● Task to carry out
A faithful copy is required. Print each line of the data exactly and omit the pictures.

Records for this task below:

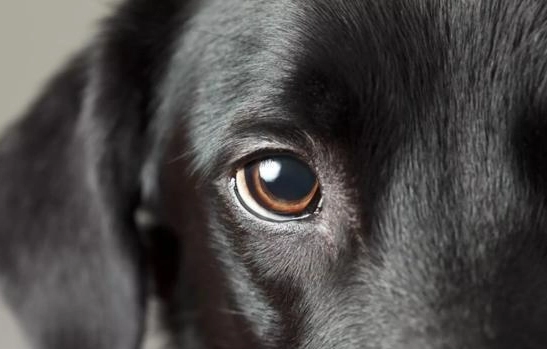 狗眼睛紅腫 狗眼睛紅腫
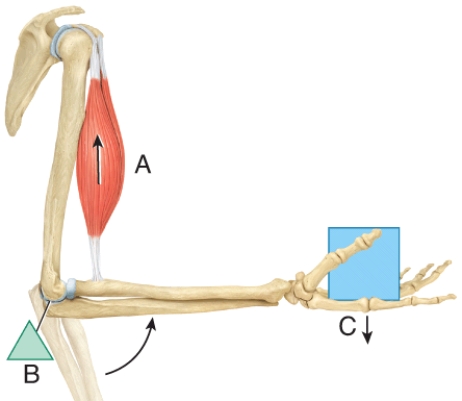 In the diagram, where is the fulcrum?  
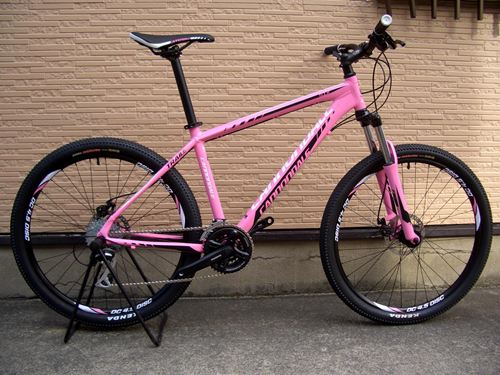 1012Ca%EF%BE%84%EF%BE%9A%EF%BD%B2%EF%BE%996PNK001.JPG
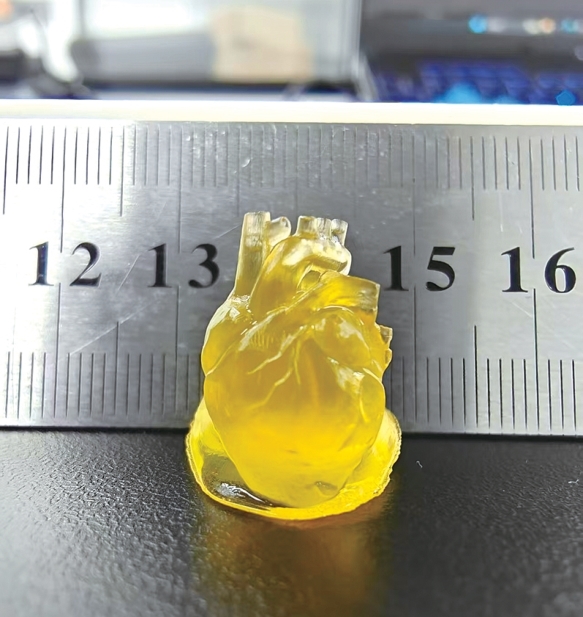 3D打印的心脏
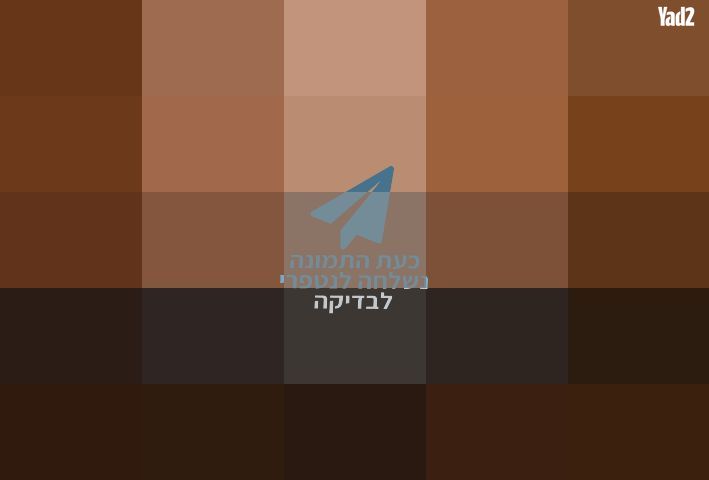 אורגן-SX900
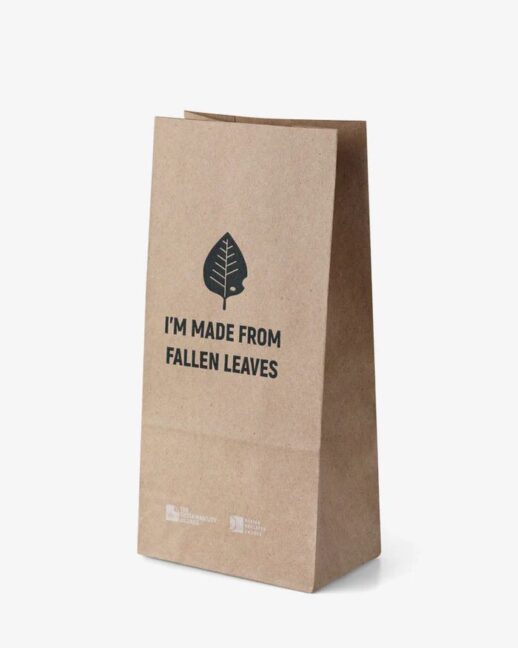 Ventajas de las bolsas hechas de hojas de árboles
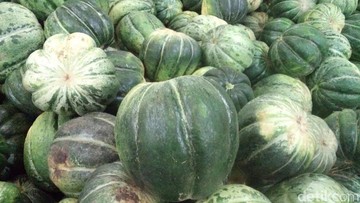 7 Jenis Buah Hidroponik yang Cocok untuk Pemula dan Mudah Ditanam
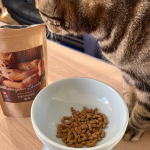 完全肉食動物の猫の代謝にあった野生鹿肉を使ったドライフード、キャットスタンスの鹿肉ドライをご紹介いただきました。このキャットスタンス 鹿肉ドライは、野生鹿肉を低温調理にこだわった国産の無添加キ&hellip;のInstagram画像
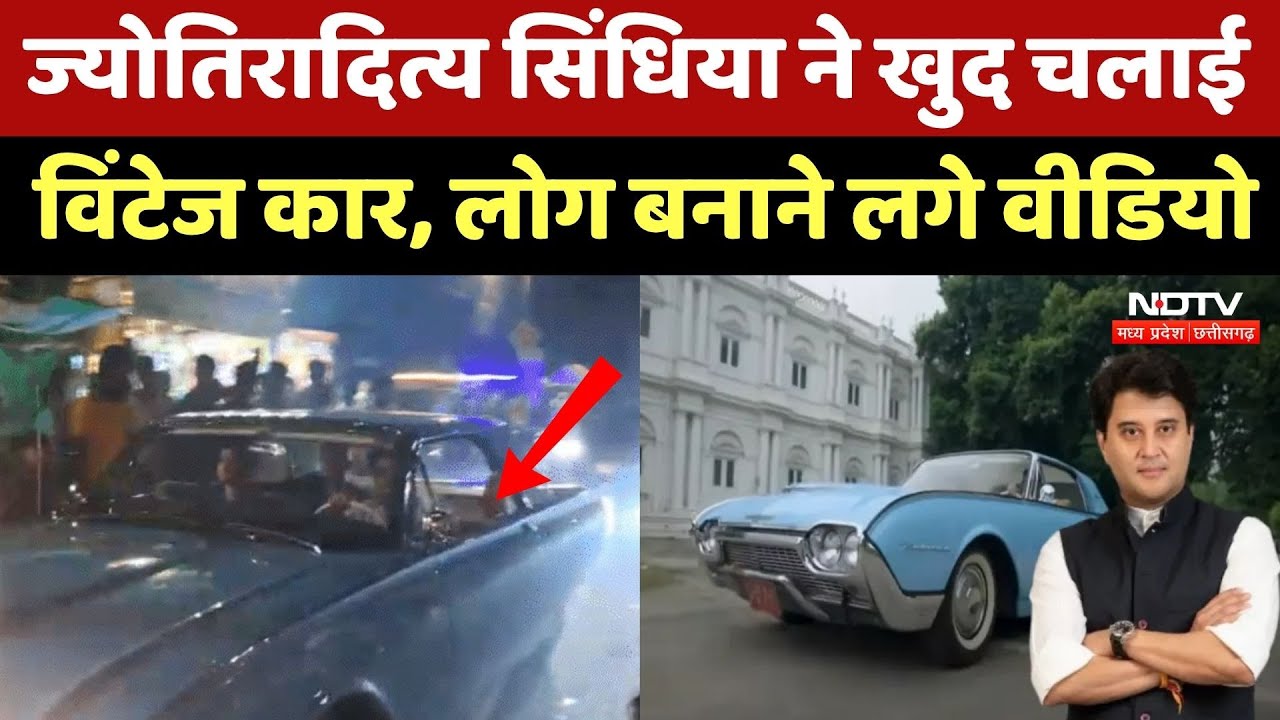 Jyotiraditya Scindia का शाही अंदाज, खुद चलाई Thunderbird Royal Vintage Car, लोग बनाते दिखे Video Jyotiraditya Scindia का शाही अंदाज, खुद चलाई Thunderbird Royal Vintage Car, लोग बनाते दिखे Video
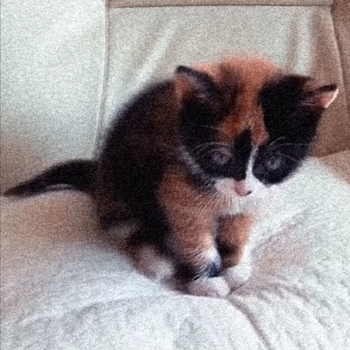 Sinalyx – little kitten (Speed Up)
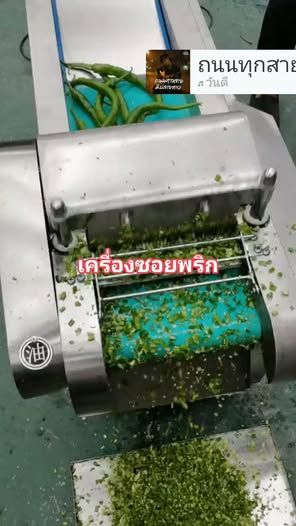Food Slicing Machine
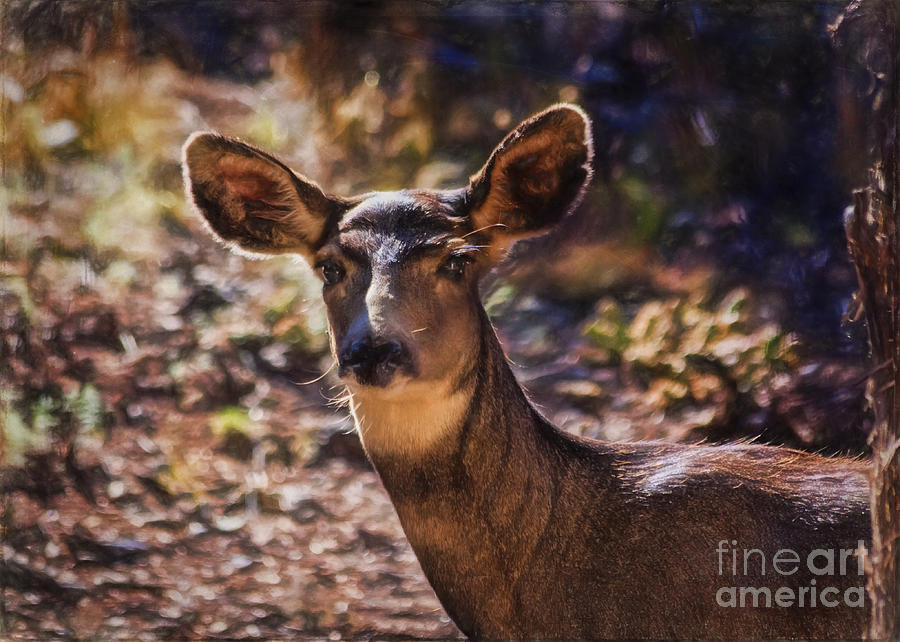 Deer Photograph - Autumn Mule Deer by Janice Pariza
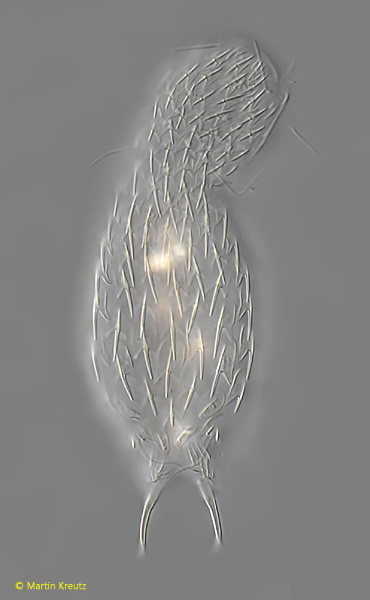 Chaetonotus-italicus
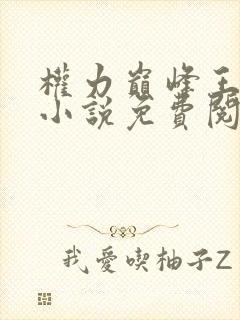 权力巅峰王洪涛小说免费阅读全本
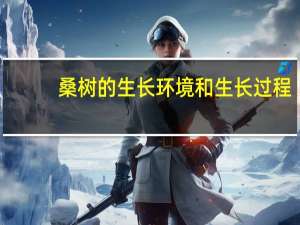 桑树的生长环境和生长过程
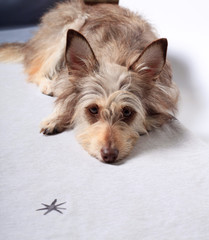 portrait of a beautiful cute fluffy dog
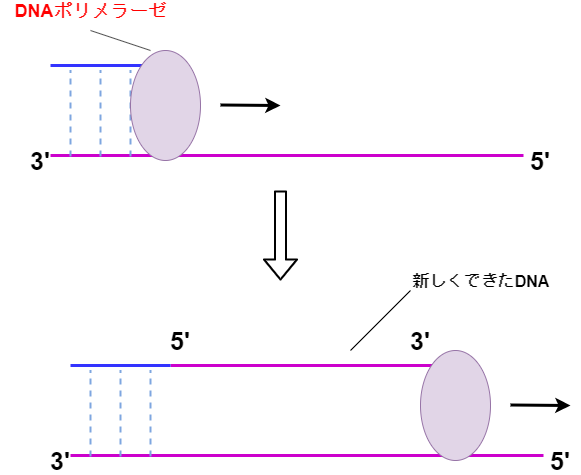 f:id:inarikue:20191006151741p:plain f:id:inarikue:20191006151741p:plain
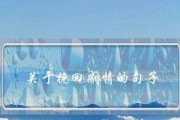 挽回前男友，重新拥抱爱情（15个技巧教你成功挽回前男友）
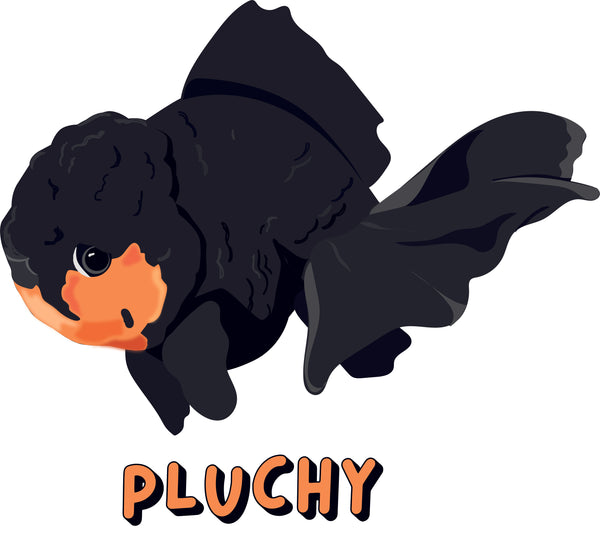 Pluchy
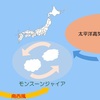 モンスーンジャイアに関する雑学！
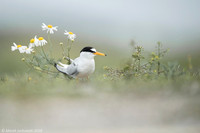 Little Tern / Rybitwa białoczelna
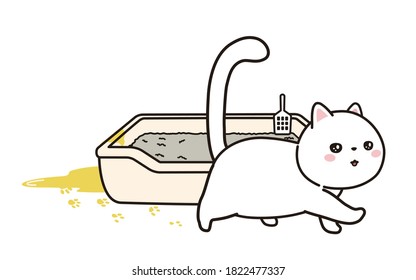 A cat missed pee from the litter box.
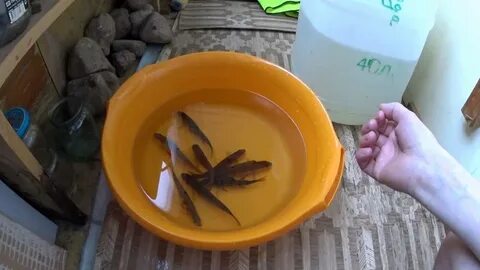 Как сохранить живца для зимней рыбалки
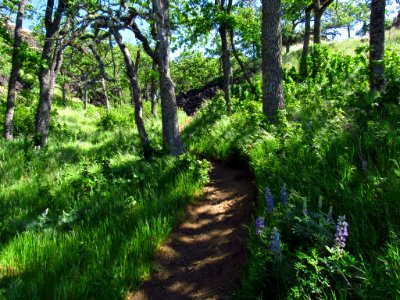 Labyrinth-Coyote Wall Trail in WA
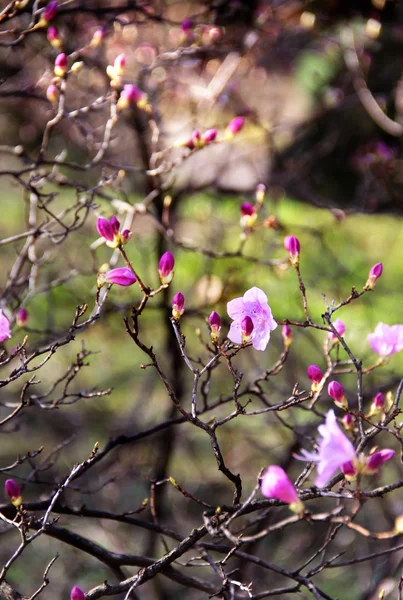 Úžasná jarní stromy v květu — Stock fotografie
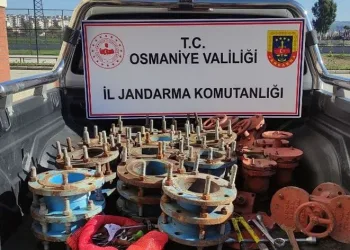 Vanaları çalan hırsızlık şüphelisi yakalandı
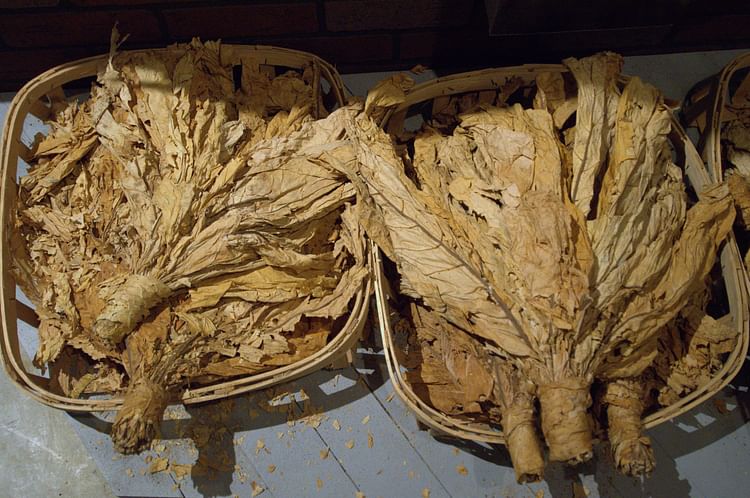 Dried Tobacco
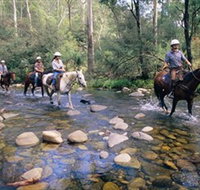 Howqua Hills Historic Area - Tourism Search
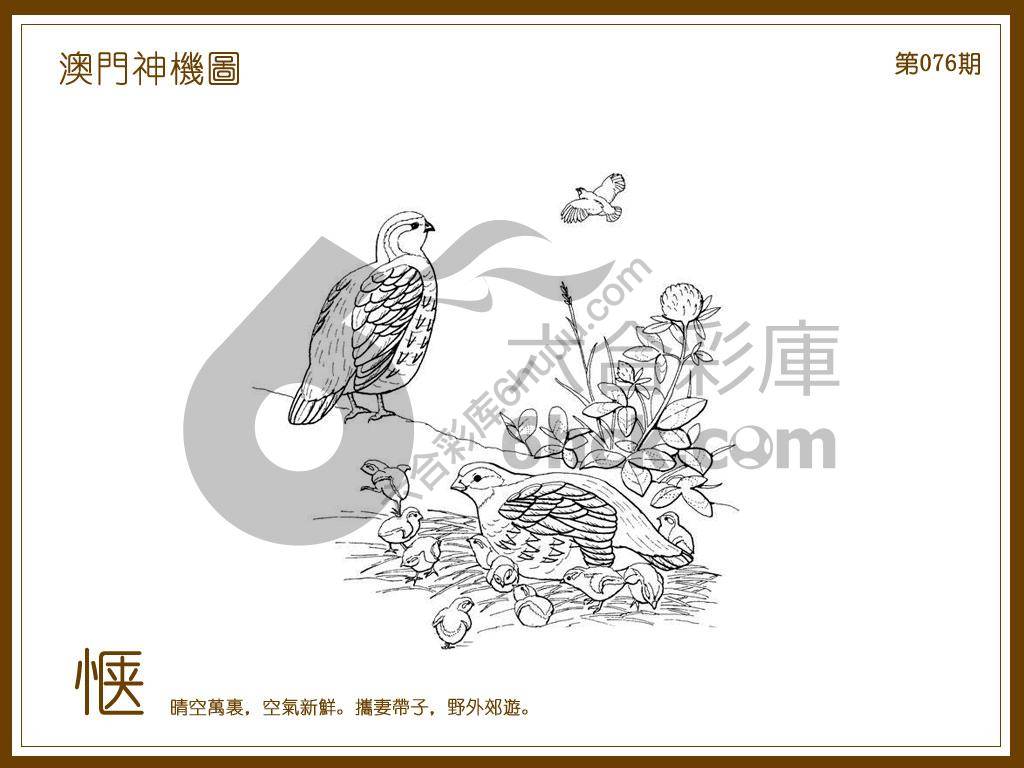 澳门神机图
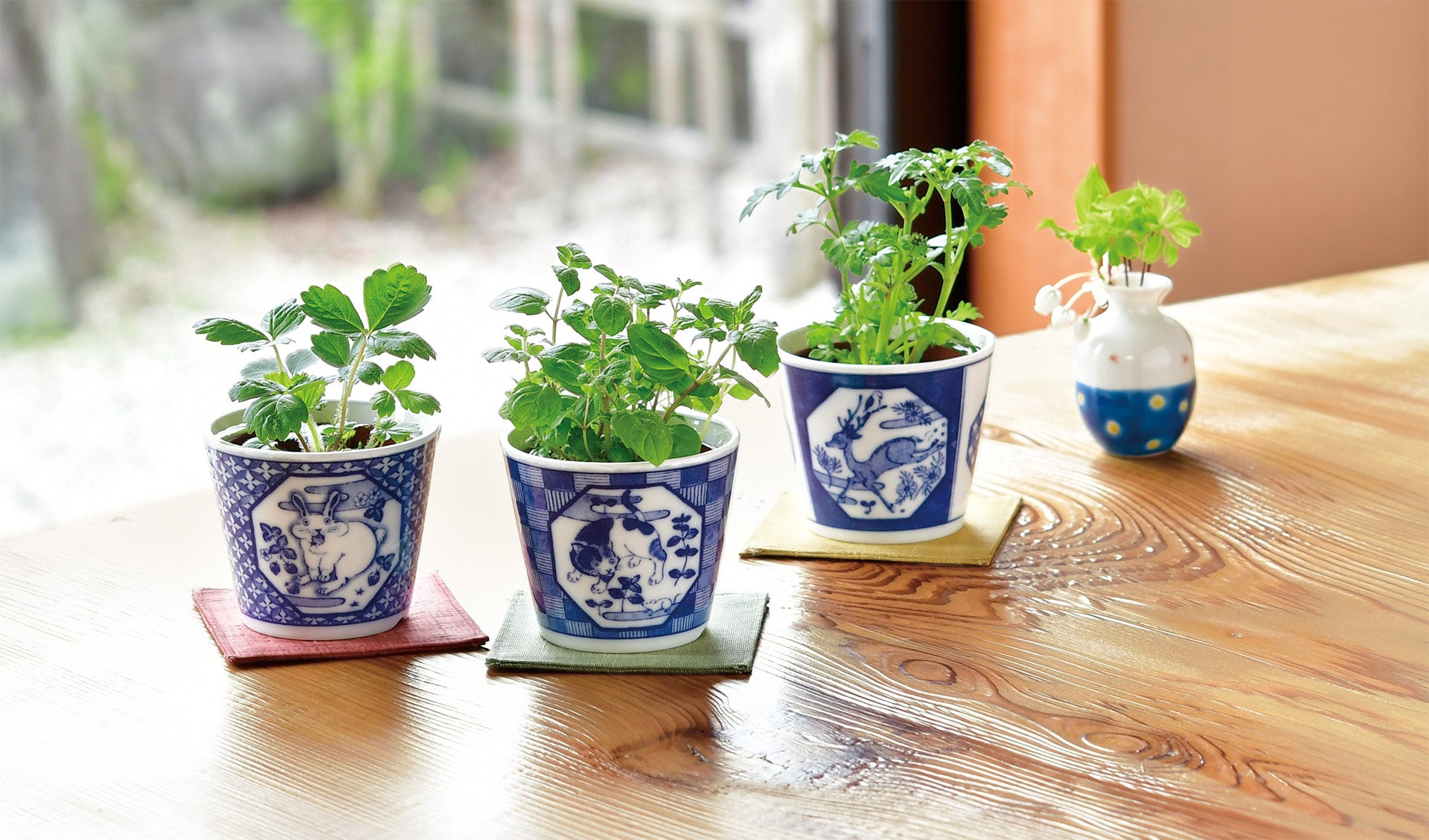 伝統工芸「美濃焼」の器で植物を育てる栽培キット「染付小紋 草花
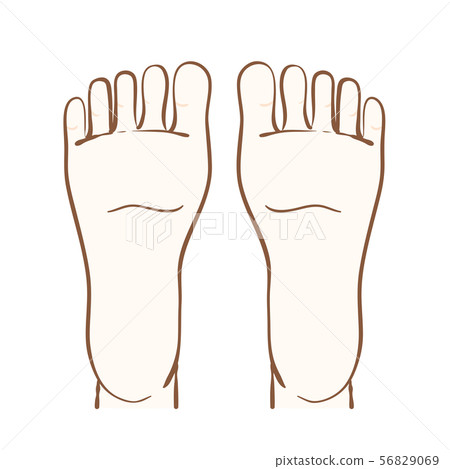 腳底的例證 56829069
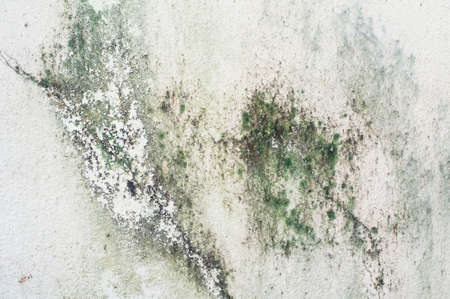 Old concrete wall covered with moss moldの写真素材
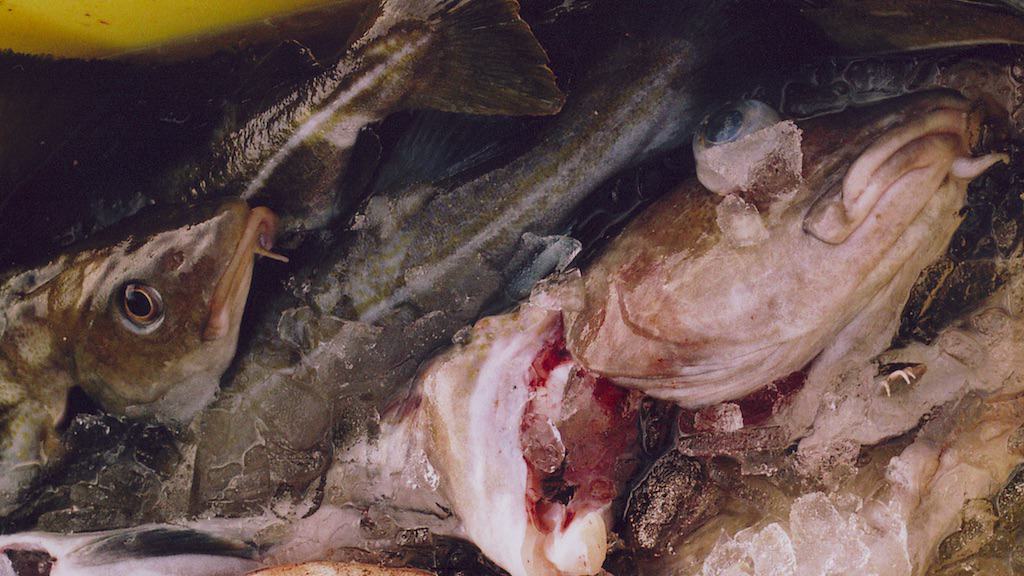 Read more about the article Barents Sea cod quota reduction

End of Records for this task.

● Response area
 狗眼睛紅腫 狗眼睛紅腫
 In the diagram, where is the fulcrum?  
 1012Ca%EF%BE%84%EF%BE%9A%EF%BD%B2%EF%BE%996PNK001.JPG
 3D打印的心脏
 אורגן-SX900
 Ventajas de las bolsas hechas de hojas de árboles
 7 Jenis Buah Hidroponik yang Cocok untuk Pemula dan Mudah Ditanam
 完全肉食動物の猫の代謝にあった野生鹿肉を使ったドライフード、キャットスタンスの鹿肉ドライをご紹介いただきました。このキャットスタンス 鹿肉ドライは、野生鹿肉を低温調理にこだわった国産の無添加キ&hellip;のInstagram画像
 Jyotiraditya Scindia का शाही अंदाज, खुद चलाई Thunderbird Royal Vintage Car, लोग बनाते दिखे Video Jyotiraditya Scindia का शाही अंदाज, खुद चलाई Thunderbird Royal Vintage Car, लोग बनाते दिखे Video
 Sinalyx – little kitten (Speed Up)
Food Slicing Machine
 Deer Photograph - Autumn Mule Deer by Janice Pariza
 Chaetonotus-italicus
 权力巅峰王洪涛小说免费阅读全本
 桑树的生长环境和生长过程
 portrait of a beautiful cute fluffy dog
 f:id:inarikue:20191006151741p:plain f:id:inarikue:20191006151741p:plain
 挽回前男友，重新拥抱爱情（15个技巧教你成功挽回前男友）
 Pluchy
 モンスーンジャイアに関する雑学！
 Little Tern / Rybitwa białoczelna
 A cat missed pee from the litter box.
 Как сохранить живца для зимней рыбалки
 Labyrinth-Coyote Wall Trail in WA
 Úžasná jarní stromy v květu — Stock fotografie
 Vanaları çalan hırsızlık şüphelisi yakalandı
 Dried Tobacco
 Howqua Hills Historic Area - Tourism Search
 澳门神机图
 伝統工芸「美濃焼」の器で植物を育てる栽培キット「染付小紋 草花
 腳底的例證 56829069
 Old concrete wall covered with moss moldの写真素材
 Read more about the article Barents Sea cod quota reduction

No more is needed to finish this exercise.